Pictures with short captions:
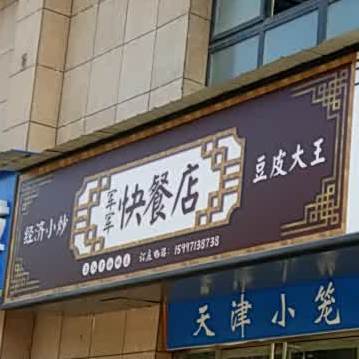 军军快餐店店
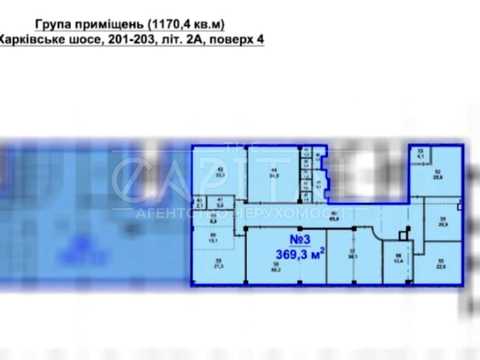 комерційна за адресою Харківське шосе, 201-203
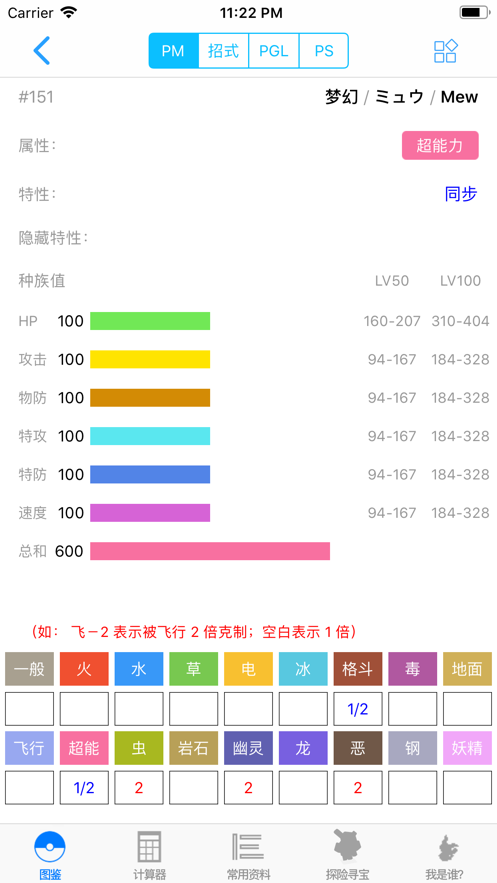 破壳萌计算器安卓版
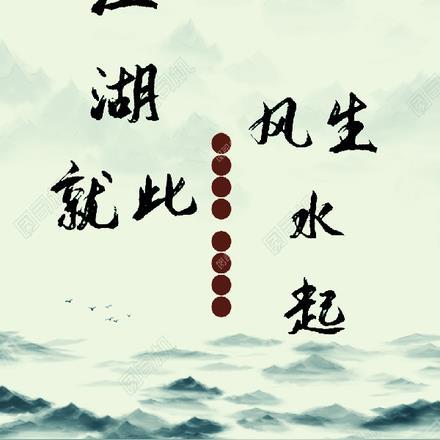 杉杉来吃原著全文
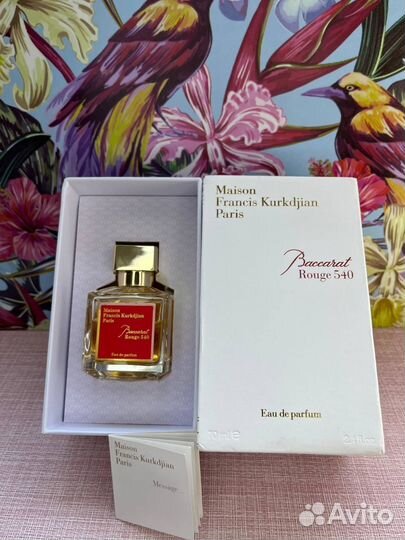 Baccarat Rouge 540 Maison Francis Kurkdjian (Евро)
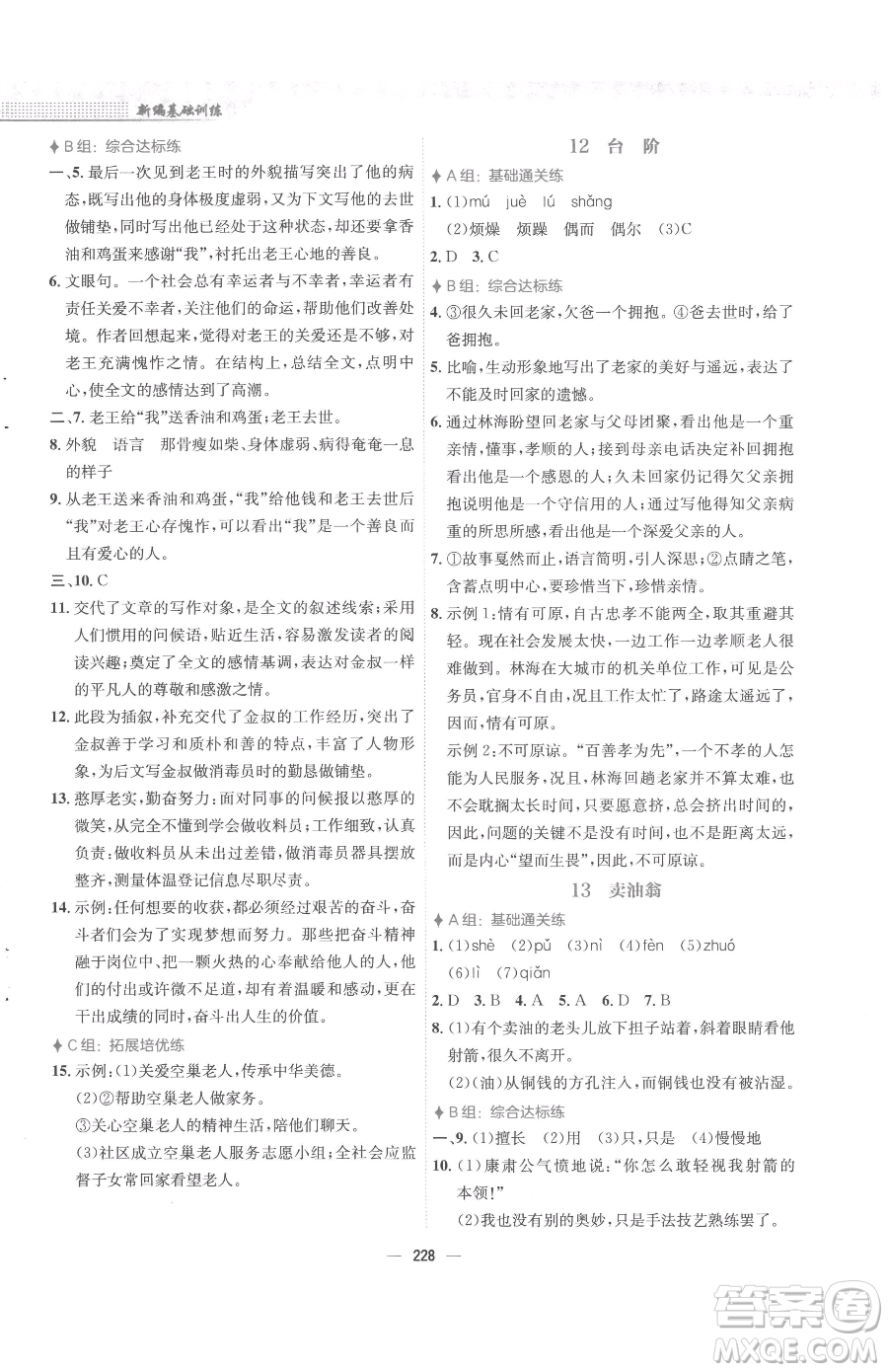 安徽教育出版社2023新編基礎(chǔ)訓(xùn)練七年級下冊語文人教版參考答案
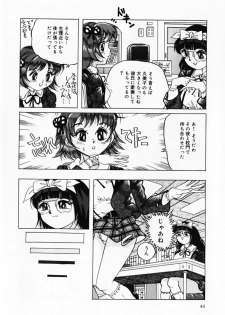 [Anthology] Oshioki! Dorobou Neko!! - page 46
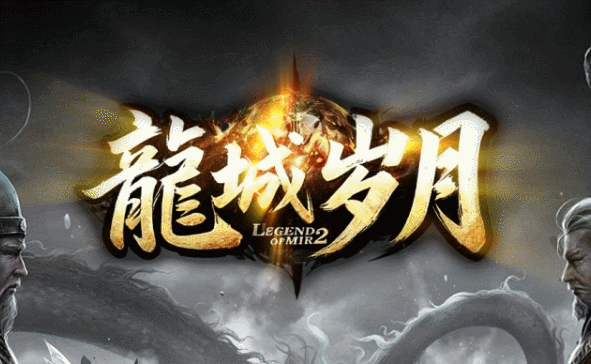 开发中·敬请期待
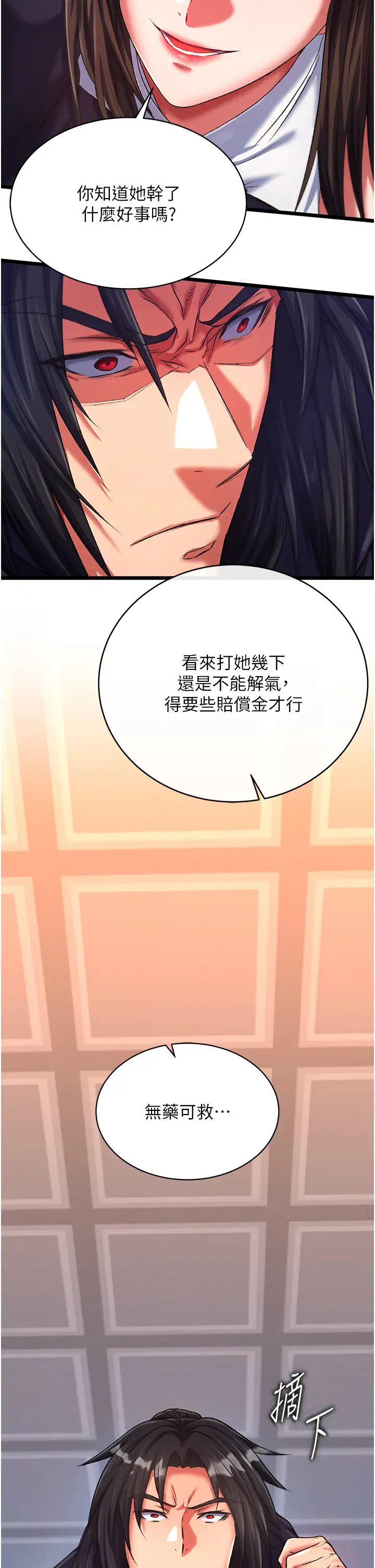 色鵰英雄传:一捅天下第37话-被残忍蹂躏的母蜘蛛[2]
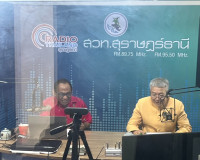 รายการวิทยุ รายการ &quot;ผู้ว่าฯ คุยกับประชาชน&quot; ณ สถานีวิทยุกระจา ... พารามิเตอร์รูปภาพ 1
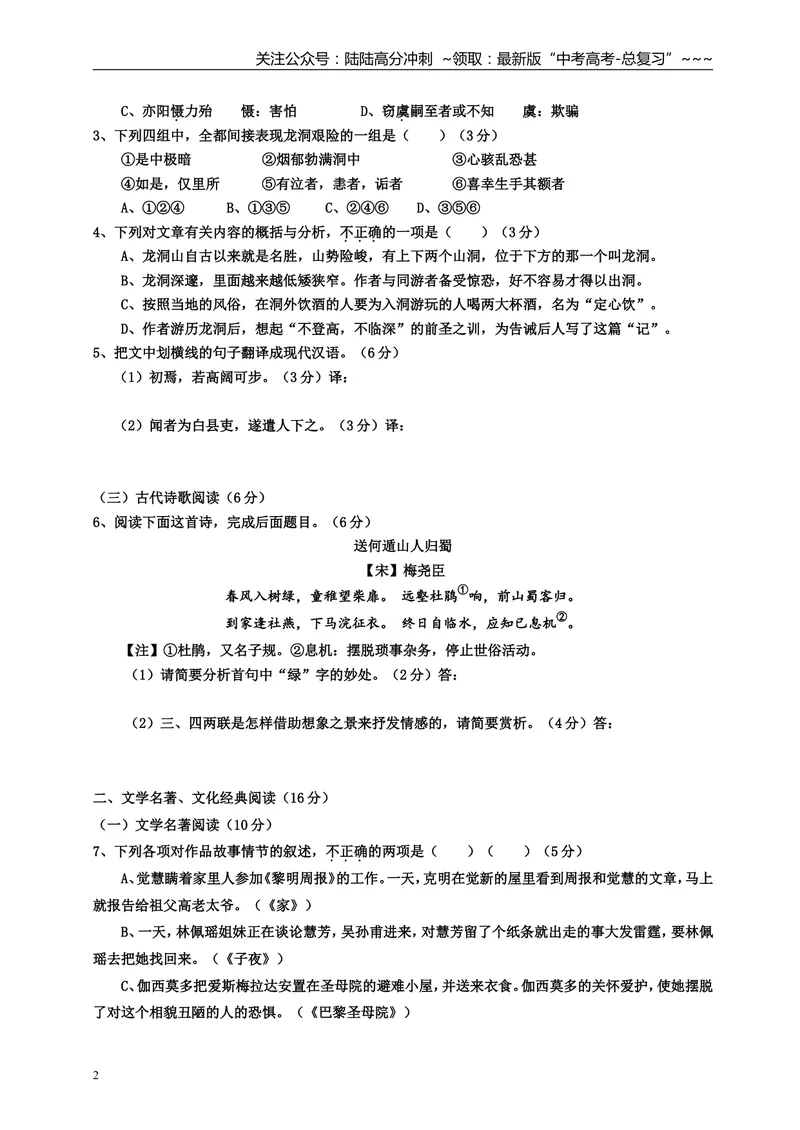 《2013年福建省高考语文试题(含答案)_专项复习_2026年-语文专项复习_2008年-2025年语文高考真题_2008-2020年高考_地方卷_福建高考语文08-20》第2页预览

#### What you have to do
Your copy should hold only the lines running from the one that contains "安徽教育出版社2023新編基" through the final line of the data; transcribe them exactly, both ends included, and leave pictures out.

#### Answer space
 安徽教育出版社2023新編基礎(chǔ)訓(xùn)練七年級下冊語文人教版參考答案
 [Anthology] Oshioki! Dorobou Neko!! - page 46
 开发中·敬请期待
 色鵰英雄传:一捅天下第37话-被残忍蹂躏的母蜘蛛[2]
 รายการวิทยุ รายการ &quot;ผู้ว่าฯ คุยกับประชาชน&quot; ณ สถานีวิทยุกระจา ... พารามิเตอร์รูปภาพ 1
 《2013年福建省高考语文试题(含答案)_专项复习_2026年-语文专项复习_2008年-2025年语文高考真题_2008-2020年高考_地方卷_福建高考语文08-20》第2页预览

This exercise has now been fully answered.